Ehsan Toosi-Deception in the Subject of Burning
The Starting Point of the Collection
Ehsan Toosi, born in 1978, is a member of the Iranian Sculptors Association and has been active in sculpture since 2002. In his latest collection, titled "Burning Is Not for Watching", he creates objects that retain their familiar visual and conceptual frameworks but, through an altered industrial function, step into the realm of art.
"The conception and construction of this space date back to a year before the announcement of the COVID-19 pandemic. By employing materials that defy physical laws in his works, he challenges the conventional notion of a heater and, in a way, targets the audience’s expectations of its function and structure."[1] In his interviews, he has stated that the collection began in 2019, influenced by social issues and his living environment, gradually expanding the effects and afflictions imposed by society onto the world around him, seeking them within the geography of existence.[2]

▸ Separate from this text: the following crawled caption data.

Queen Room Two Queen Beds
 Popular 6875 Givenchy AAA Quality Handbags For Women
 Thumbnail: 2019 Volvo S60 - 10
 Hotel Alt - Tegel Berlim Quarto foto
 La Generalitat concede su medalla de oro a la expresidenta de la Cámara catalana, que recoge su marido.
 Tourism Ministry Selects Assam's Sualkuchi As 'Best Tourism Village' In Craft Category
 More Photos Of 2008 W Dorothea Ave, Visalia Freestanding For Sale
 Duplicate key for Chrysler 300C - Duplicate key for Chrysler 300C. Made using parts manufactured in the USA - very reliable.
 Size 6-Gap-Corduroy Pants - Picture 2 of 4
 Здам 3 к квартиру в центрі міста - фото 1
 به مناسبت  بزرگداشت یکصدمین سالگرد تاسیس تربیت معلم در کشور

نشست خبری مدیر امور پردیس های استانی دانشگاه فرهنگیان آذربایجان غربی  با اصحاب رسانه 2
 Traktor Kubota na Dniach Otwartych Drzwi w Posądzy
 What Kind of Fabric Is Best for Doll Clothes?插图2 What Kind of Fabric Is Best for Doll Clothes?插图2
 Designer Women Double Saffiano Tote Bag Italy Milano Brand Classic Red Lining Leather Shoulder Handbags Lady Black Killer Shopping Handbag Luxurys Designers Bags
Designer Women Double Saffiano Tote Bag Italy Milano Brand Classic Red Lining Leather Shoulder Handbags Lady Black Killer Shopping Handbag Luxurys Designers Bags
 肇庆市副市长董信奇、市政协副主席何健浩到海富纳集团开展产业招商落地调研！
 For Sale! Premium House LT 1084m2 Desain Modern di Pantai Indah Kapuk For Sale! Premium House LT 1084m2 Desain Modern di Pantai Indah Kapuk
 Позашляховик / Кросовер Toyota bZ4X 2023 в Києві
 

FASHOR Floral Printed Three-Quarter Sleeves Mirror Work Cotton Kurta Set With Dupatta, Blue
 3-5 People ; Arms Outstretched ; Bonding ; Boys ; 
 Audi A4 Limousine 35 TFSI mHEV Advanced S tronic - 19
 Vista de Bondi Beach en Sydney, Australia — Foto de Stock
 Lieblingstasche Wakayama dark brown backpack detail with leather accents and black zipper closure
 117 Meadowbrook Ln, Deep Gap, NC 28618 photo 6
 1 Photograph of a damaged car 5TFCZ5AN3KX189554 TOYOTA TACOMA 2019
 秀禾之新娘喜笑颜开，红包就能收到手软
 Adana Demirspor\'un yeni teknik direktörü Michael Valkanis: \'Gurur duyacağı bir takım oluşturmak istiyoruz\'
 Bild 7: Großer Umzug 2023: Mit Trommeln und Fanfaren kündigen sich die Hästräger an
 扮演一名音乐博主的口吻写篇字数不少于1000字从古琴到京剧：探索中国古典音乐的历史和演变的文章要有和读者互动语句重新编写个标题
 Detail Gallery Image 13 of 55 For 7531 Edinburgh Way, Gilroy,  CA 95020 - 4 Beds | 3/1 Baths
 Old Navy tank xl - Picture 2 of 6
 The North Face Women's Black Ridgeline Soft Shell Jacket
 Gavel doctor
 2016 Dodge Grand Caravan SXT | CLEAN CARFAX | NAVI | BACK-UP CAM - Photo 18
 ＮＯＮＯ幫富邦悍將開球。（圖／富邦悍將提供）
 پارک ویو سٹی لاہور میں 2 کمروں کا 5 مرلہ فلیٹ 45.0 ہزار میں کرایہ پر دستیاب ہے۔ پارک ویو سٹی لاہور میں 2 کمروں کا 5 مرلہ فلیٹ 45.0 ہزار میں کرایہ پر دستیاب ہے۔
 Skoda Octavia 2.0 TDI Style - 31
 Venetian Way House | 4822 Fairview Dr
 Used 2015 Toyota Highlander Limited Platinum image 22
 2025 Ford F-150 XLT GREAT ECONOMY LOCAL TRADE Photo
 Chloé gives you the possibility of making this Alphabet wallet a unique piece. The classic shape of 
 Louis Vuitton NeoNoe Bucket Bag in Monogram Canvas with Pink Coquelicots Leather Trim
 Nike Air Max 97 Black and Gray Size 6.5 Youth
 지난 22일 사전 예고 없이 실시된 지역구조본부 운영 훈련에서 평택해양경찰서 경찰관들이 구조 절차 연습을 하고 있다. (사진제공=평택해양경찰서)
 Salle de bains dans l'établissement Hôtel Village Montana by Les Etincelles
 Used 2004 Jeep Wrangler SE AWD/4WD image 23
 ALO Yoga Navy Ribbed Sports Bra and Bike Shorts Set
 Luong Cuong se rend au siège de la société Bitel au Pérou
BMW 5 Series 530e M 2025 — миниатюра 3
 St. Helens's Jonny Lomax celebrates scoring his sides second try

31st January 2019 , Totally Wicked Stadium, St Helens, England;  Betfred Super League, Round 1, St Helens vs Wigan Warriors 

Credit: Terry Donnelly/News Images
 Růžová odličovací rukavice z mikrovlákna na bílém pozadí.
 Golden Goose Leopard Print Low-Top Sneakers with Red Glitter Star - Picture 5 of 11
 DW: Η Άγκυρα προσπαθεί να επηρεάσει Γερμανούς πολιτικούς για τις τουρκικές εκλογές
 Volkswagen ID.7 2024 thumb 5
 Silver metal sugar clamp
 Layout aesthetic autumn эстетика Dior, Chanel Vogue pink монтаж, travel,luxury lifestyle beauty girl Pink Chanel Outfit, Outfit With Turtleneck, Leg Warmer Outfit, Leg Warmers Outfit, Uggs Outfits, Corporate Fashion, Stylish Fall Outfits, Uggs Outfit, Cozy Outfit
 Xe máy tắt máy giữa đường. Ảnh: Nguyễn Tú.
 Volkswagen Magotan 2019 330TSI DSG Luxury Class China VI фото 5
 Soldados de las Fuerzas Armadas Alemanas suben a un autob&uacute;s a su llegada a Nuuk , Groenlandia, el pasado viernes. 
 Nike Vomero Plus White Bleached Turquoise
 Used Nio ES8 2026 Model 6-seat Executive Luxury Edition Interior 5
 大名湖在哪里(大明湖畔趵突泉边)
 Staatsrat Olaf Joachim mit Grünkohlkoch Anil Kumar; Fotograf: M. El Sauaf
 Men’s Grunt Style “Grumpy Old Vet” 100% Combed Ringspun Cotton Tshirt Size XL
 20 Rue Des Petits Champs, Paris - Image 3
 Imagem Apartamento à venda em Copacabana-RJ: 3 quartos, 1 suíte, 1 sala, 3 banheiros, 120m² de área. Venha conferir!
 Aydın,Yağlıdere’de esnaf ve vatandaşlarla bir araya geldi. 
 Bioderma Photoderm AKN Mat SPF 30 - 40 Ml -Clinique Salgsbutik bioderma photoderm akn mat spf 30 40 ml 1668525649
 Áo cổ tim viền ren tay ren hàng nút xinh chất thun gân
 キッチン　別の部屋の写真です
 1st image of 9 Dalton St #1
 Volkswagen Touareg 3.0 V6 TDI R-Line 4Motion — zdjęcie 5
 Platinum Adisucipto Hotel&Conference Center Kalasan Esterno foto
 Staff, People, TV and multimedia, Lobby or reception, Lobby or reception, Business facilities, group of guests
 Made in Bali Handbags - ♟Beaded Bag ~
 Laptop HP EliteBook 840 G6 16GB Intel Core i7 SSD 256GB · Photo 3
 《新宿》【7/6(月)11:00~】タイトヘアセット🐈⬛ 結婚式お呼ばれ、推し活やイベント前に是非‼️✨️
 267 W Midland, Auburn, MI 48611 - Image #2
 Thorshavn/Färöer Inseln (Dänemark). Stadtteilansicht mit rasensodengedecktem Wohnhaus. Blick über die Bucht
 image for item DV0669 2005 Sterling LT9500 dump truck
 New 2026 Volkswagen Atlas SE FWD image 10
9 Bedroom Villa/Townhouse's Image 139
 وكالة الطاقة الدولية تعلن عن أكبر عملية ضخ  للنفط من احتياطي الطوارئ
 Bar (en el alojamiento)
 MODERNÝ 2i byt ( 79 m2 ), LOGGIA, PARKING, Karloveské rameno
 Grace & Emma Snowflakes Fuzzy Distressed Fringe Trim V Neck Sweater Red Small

Carrying History on a Decayed and Functionless Body
In Toosi’s sculptures, "function" is disrupted. The heater-shaped sculptures, with bodies made of wood, now possess the potential to burn themselves—as if their turn has come. Here, he takes utilitarian objects in service of his idea and undermines them. Upon closer inspection of these objects, their textures and surface details reveal decay, rust, fractures, and rot. It is as though these heaters carry history within them, presenting it before our eyes, and today, in a form of another material, they have become a "subject for burning"-so vulnerable that their first burning will be their last.
In part of his statement, he asserts: "Modern humans, inundated with vast amounts of information and data, believe they know much, but in truth, they know nothing. They are merely trapped in delusion, mental nausea, instability, agitation, and anxiety-until the end, they only have as much time as a single flame."[3]
Deception in the Representation of Reality
Drawing on the discourse surrounding representation in art, which originates from ancient Greece, an artist’s ideal in this regard is the repetition of presence or the replication of an image of nature and reality—an effort to simulate it so convincingly that it deceives the viewer, to the point where this model can be called the "deceptive representation of reality."[4] In encountering Toosi’s space, we face the same deception. At first, the audience searches for nostalgia, a loss in the past, or traces of ancestors in history (fig. 1). But over time, as they approach the sculptures, they find them to be points of intersection between past and future-objects that, in form and appearance, come from the past, yet in structure and context, herald the future (fig. 2).
"The past, in itself, is incomprehensible and formless; it only gains meaning and shape when connected to a part of the present." (Faramarzi, 1984, p. 295) Certainly, every present has a past, and the rewriting of history in art has always been evident in the intellectual currents of artists. "Thus, the claim that any understanding of the past is, in some way, a misunderstanding or misinterpretation is not without merit. The perspective from which we view history is not outside of history. Our reflection on the past is itself a product of history."[5]
Hence, in examining this collection, we revisit historical matters. The artist has placed history upon a cold, decayed body that once generated warmth, confronting us with the erosion inherent in his perspective. In his view, the universe exists in a state of burning, and his rusted objects fully represent this intellectual current. By compelling the audience to witness this burning, he positions the viewer at the intersection of his envisioned past and future, striving to set the world in motion and critique passivity and silence in the face of the future.[6]

1. Ehsan, toosi. 2025, the Inconceivable Misery, shirin gallery, tehran, personal picture.

2. Ehsan, toosi. 2025, the Inconceivable Misery, 240×180×90cm, shirin gallery, tehran, personal picture.
References:
1. Toosi, ehsan, the Inconceivable Misery catalogue, shirin gallery, tehran, 2025.
2. Ehsan toosi and firoozeh saboori, 2025, “Questions about the Inconceivable Misery exhibition”.
3. Toosi, Ehsan. (2025) Statement from Shirin Gallery. (Accessed: 18 April 2025).
4. Ramin, Ali, (2022/1401) Foundations of the Sociology of Art. 10th ed. Tehran: Nashr-e Ney, pp. 229-230.
5. Hauser, Arnold, (1984/1363) The Philosophy of Art History. Translated by Mohammad Taghi Faramarzi. Tehran: Narshr-e Negah, pp. 295_296.
6. Ehsan toosi and firoozeh saboori, 2025, “Questions about the Inconceivable Misery exhibition”.